-- Data for analysis follows --
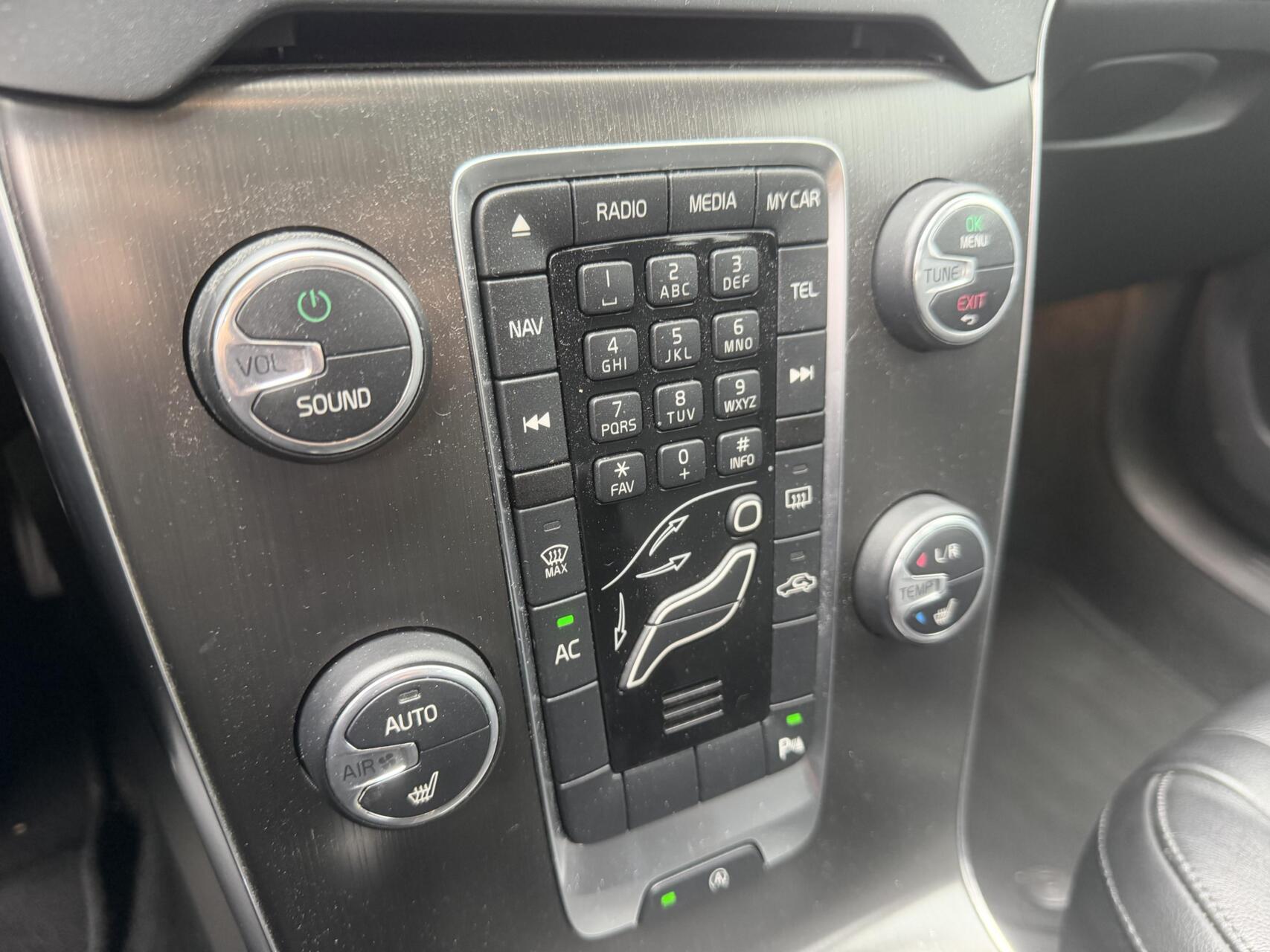 Foto van Volvo V40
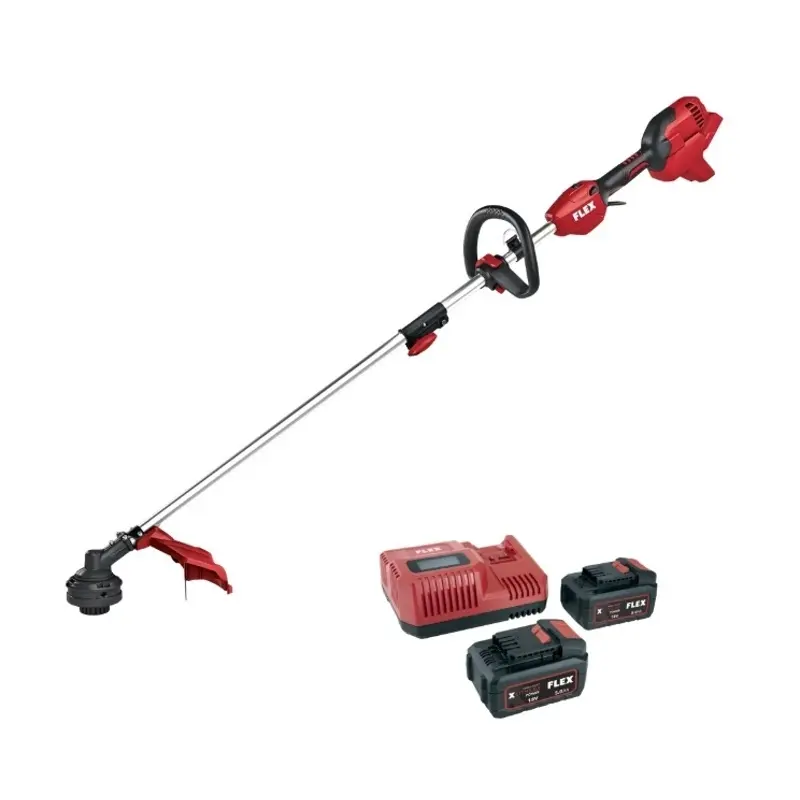 Aku zahradní sada GLT 35 strunová sekačka + P-Set 55 R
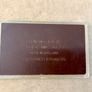 Vintage Queen Elizabeth II Coronation Lenticular Hologram Image 2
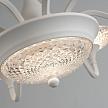 Купить Подвесная светодиодная люстра Arte Lamp A5168LM-8WH
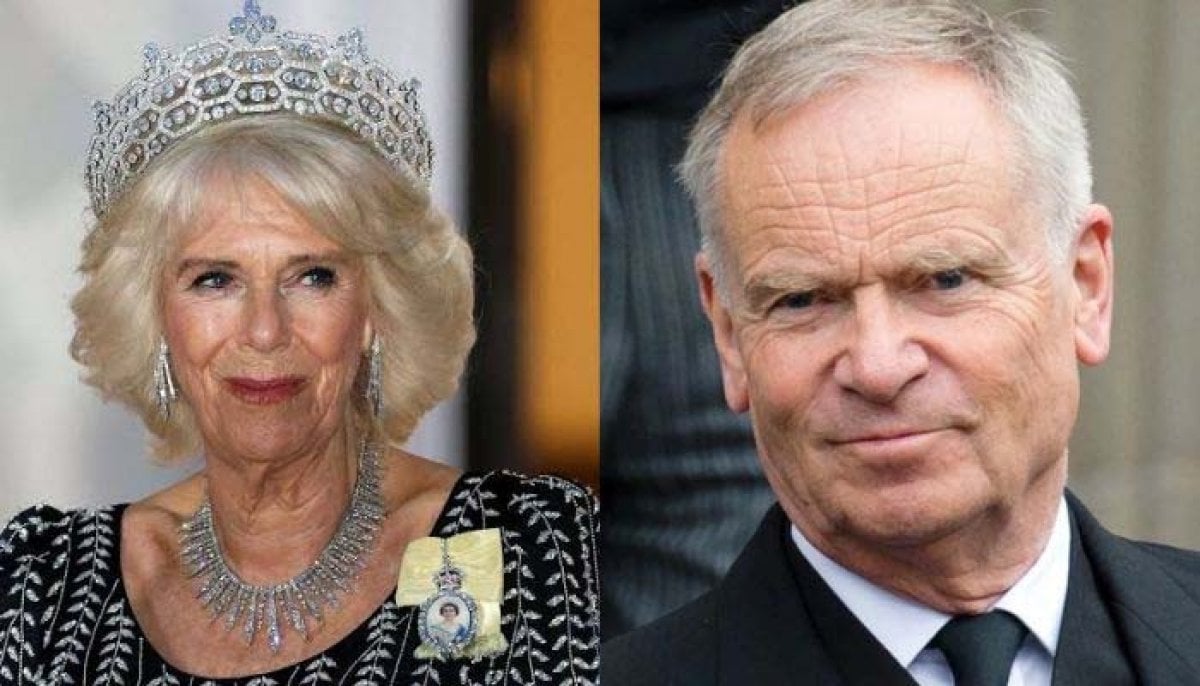 Queen Camilla remembers Jeffrey Archer’s ‘irrepressible’ spirit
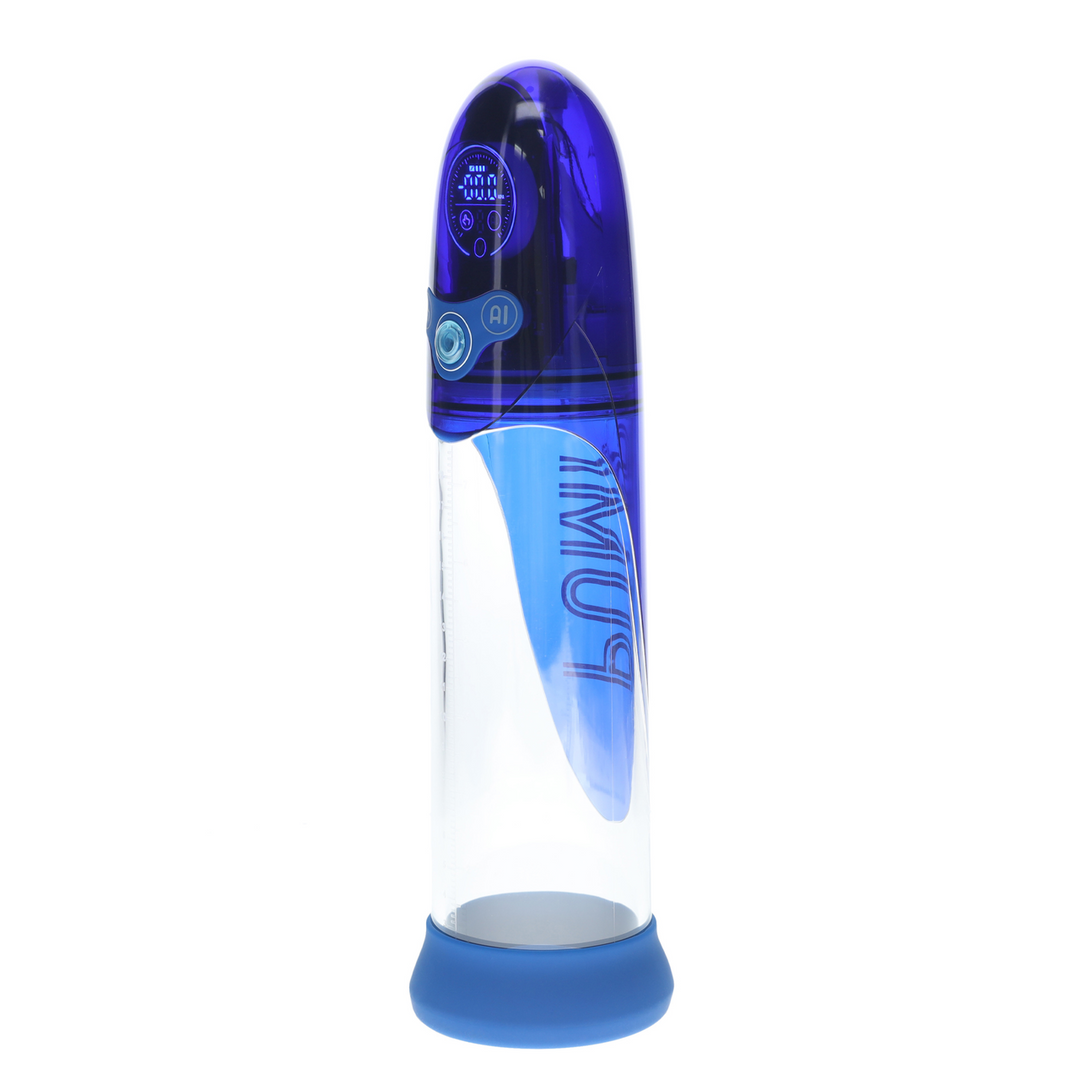 Aqua-Pro - Submersible Automatic Pump - AI Enabled - Blue 4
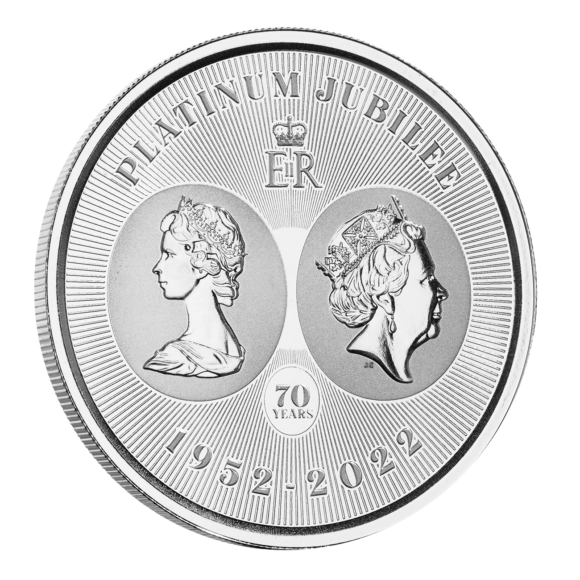 Cayman Island - Queen's 70th Platinum Jubilee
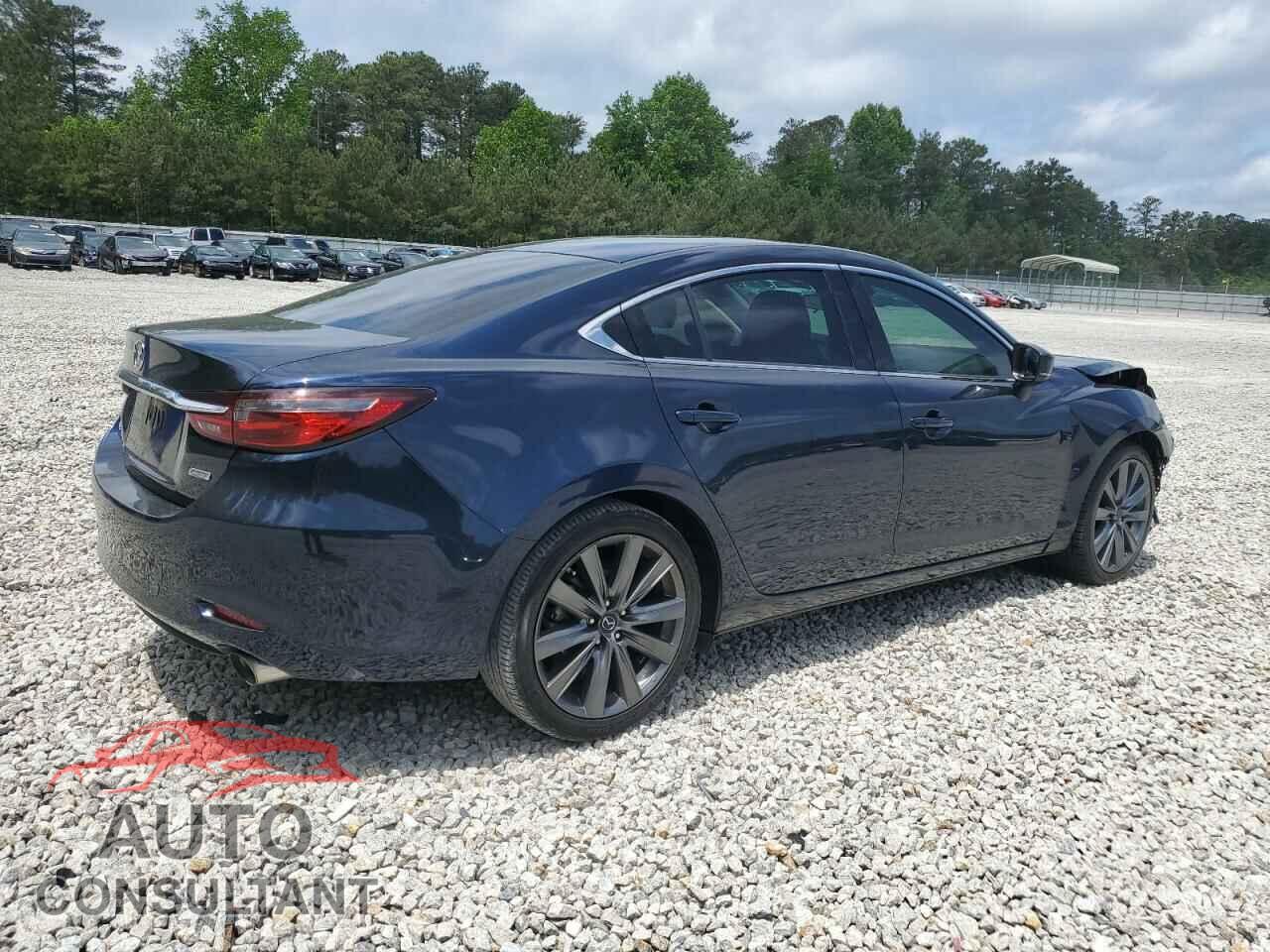MAZDA 6 2018 - JM1GL1VM6J1304159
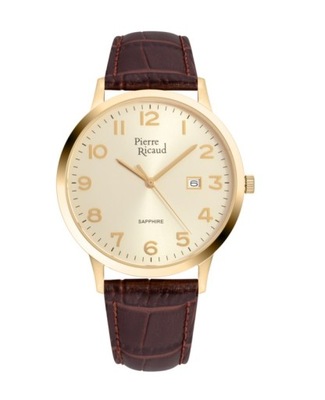 Pierre Ricaud zegarek męski P91022.1B21Q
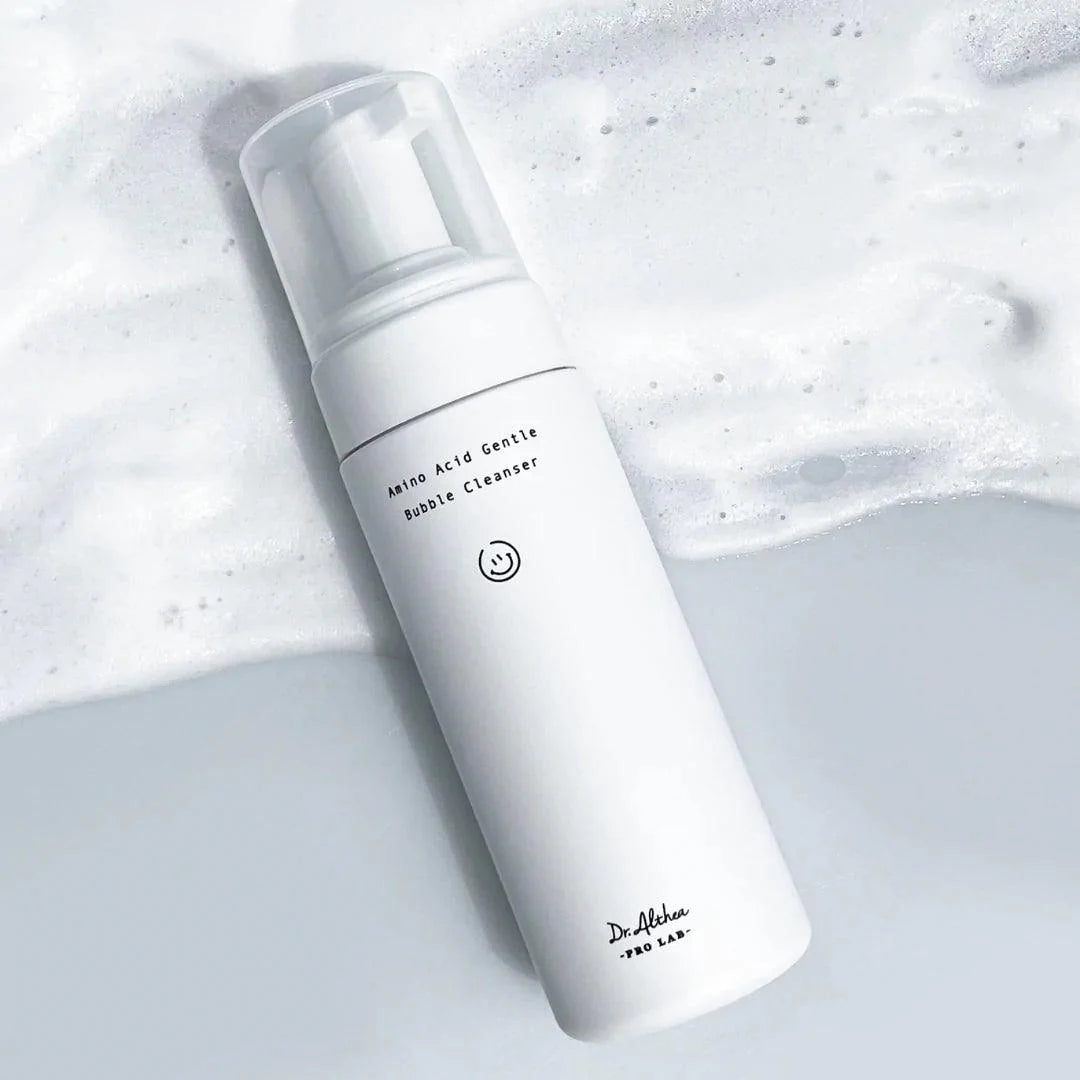 Amino Acid Gentle Bubble Cleanser - 140 ml
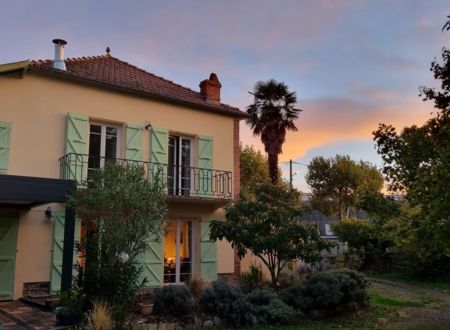 MAISON D'HOTES FIGUES ET GALETS 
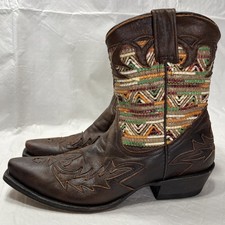 Stetson Raffia Western Shortie
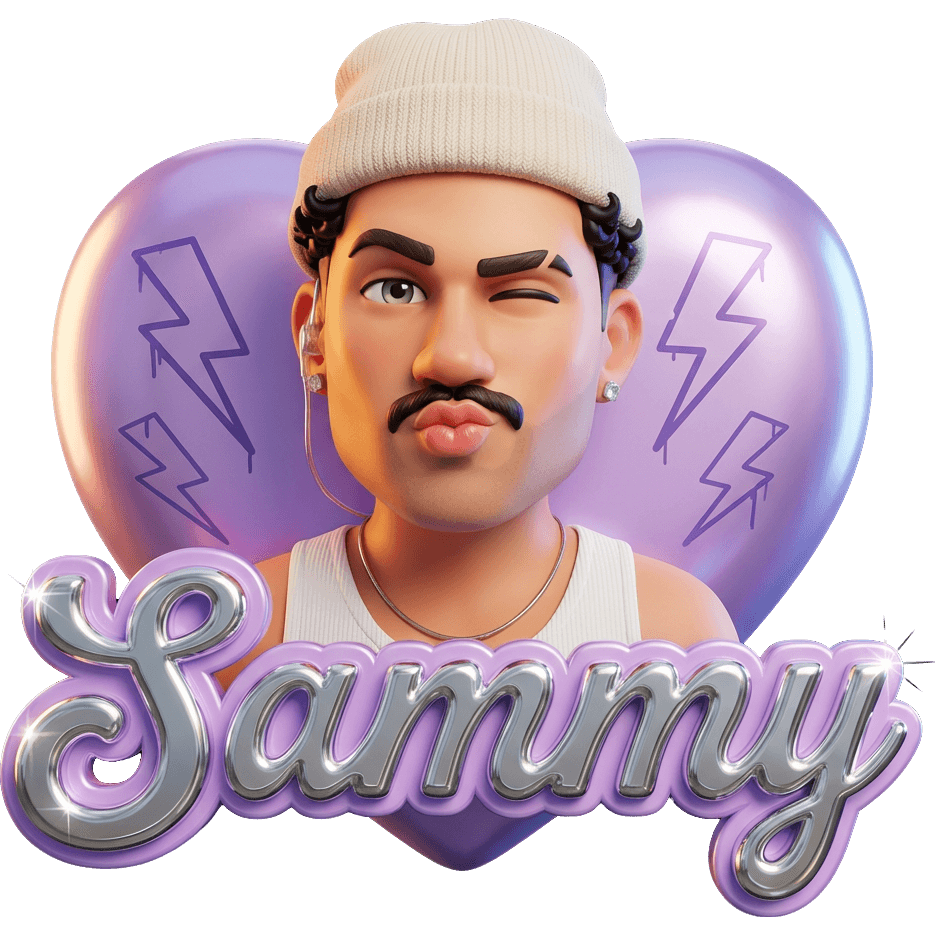 Sammyzin TikTok LIVE gift
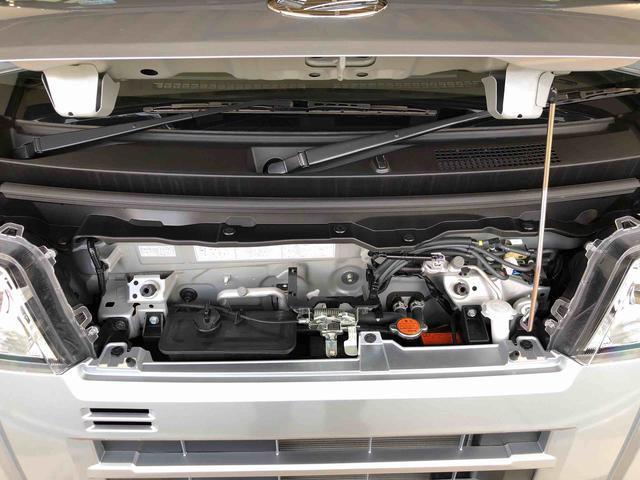 ハイゼットカーゴＤＸ４ＷＤ　ＡＭ／ＦＭラジオ　　マニュアルエアコン　パワーステアリング　パワードアロック　キーレスエントリー　衝突被害軽減システム　横滑り防止機能　アイドリングストップ　オートライト　ＡＢＳ（長野県）の中古車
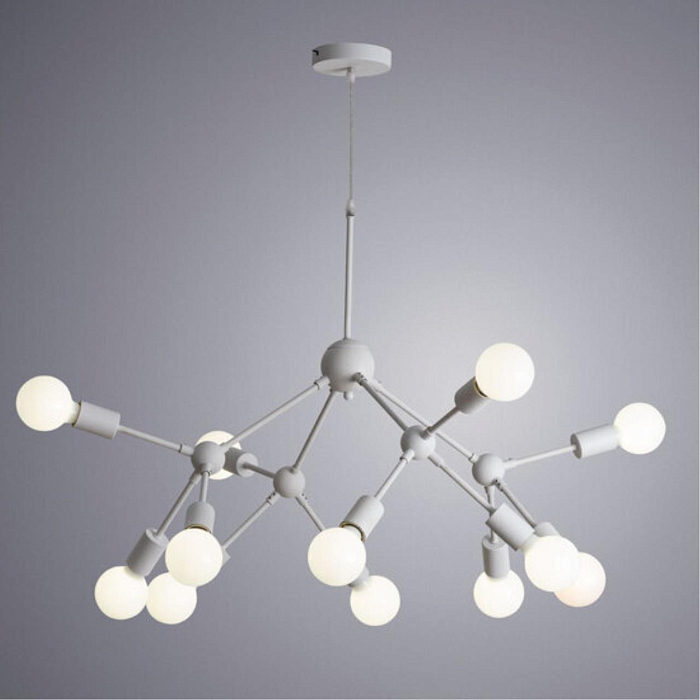 Люстра ARTE LAMP A3064SP-12WH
-- Data for analysis concluded --
Required work
Begin at the first line of the data above and repeat each line exactly, stopping after the line containing "Cayman Island - Queen's". Omit the pictures.

Written response
 Foto van Volvo V40
 Aku zahradní sada GLT 35 strunová sekačka + P-Set 55 R
 Vintage Queen Elizabeth II Coronation Lenticular Hologram Image 2
 Купить Подвесная светодиодная люстра Arte Lamp A5168LM-8WH
 Queen Camilla remembers Jeffrey Archer’s ‘irrepressible’ spirit
 Aqua-Pro - Submersible Automatic Pump - AI Enabled - Blue 4
 Cayman Island - Queen's 70th Platinum Jubilee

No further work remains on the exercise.